From 1 March 2024, Gerard fills in this amount on his tax return under 'other assets' of box 3. Additionally, Gerard had €50,000 in savings and €10,000 in shares. He has no debts. Gerard was single in 2023 and thus has an asset exemption of €57,000.
The return rates for 2023 are:
Bankbalance | 0,92% |
Investments and other assets | 6,17% |
Debts | 2,46% |
Step 1: Taxable Return
Bank balances (his savings): €50,000 x 0.0092 = €423.20
Investments (crypto and shares): (€30,800 + €10,000) x 0.0617 = €2,517.36
Total taxable return: €2,940.56
Step 2: Basis for Return
Total assets €30,800 + €50,000 + €10,000 = €90,800. There are no deductible debts. Therefore, the basis for the return is €90,800.
Step 3: Exemption
Gerard now deducts the exemption for singles: €90,800 - €57,000 = €33,800.
Step 4: Calculate Share
Next, Gerard divides the result of step 3 by the result of step 2. He multiplies this by 100 to get a percentage (rounded to 2 decimal places).
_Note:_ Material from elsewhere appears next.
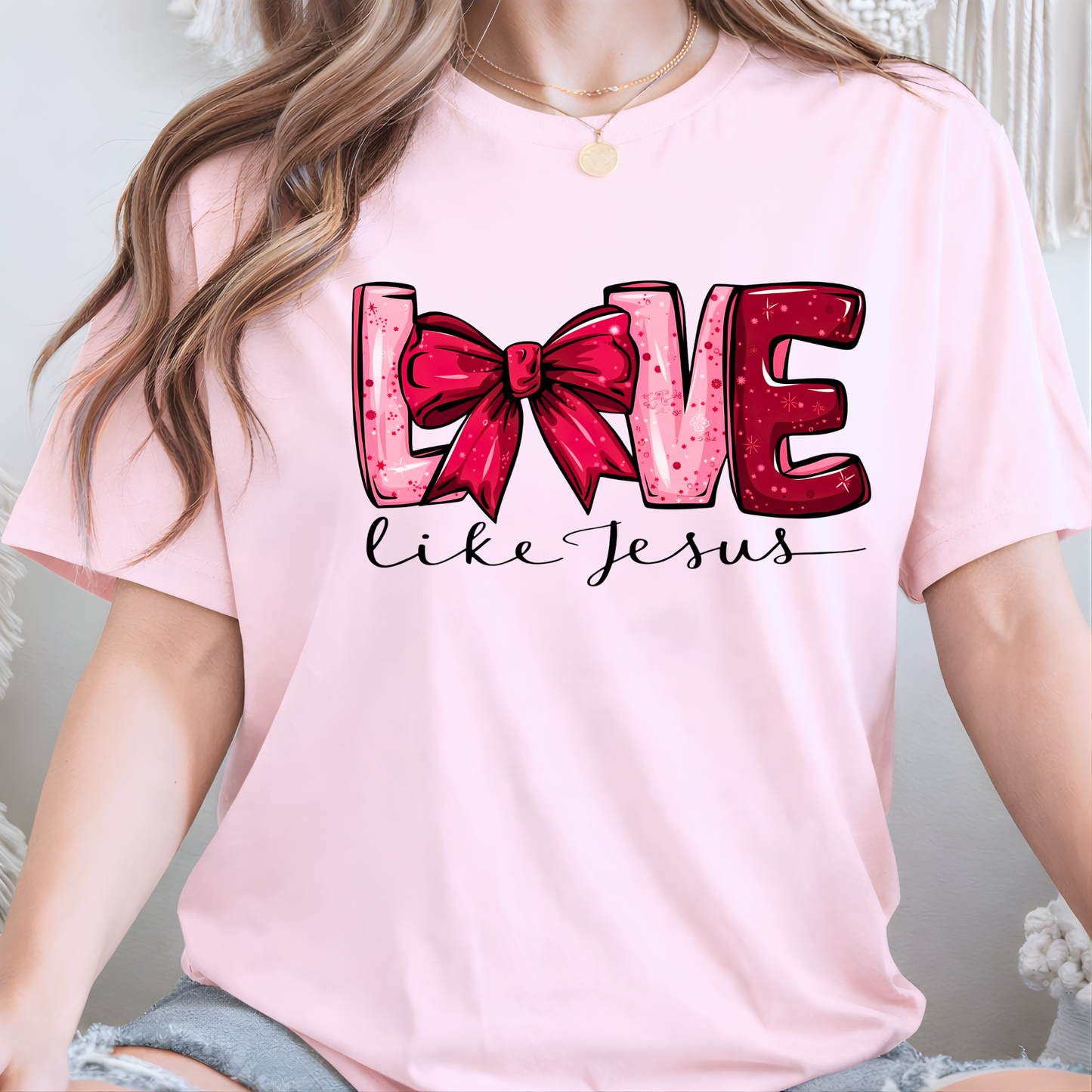 woman wearing a pink t-shirt with 'Love like Jesus' design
€33,800 / €90,800 x 100 = 37.22%.
Step 5: Advantage from Savings and Investments
The advantage is the taxable return (step 1) multiplied by the share in the basis (step 4) and may be rounded in one's own favor:
€2,940.56 x 0.3722 = €1,094
Step 6: Calculate the Tax
Finally, Gerard takes the tax rate for box 3, which is 32% in 2023. He multiplies this by his calculated advantage:
0.32 x €1,094 = €350 is the tax Gerard owes on box 3.
Conclusion
In the Netherlands, crypto assets are taxed depending on their classification as assets (box 3) or income (box 1). Since this is usually not pre-filled, it is important to keep track of the value of crypto holdings on the reference date of 1 January.
Note: We do not provide financial or tax advice. It is advisable to consult a tax advisor if you have any questions.
The information provided in our articles is intended solely for general informational purposes and does not constitute (financial) advice.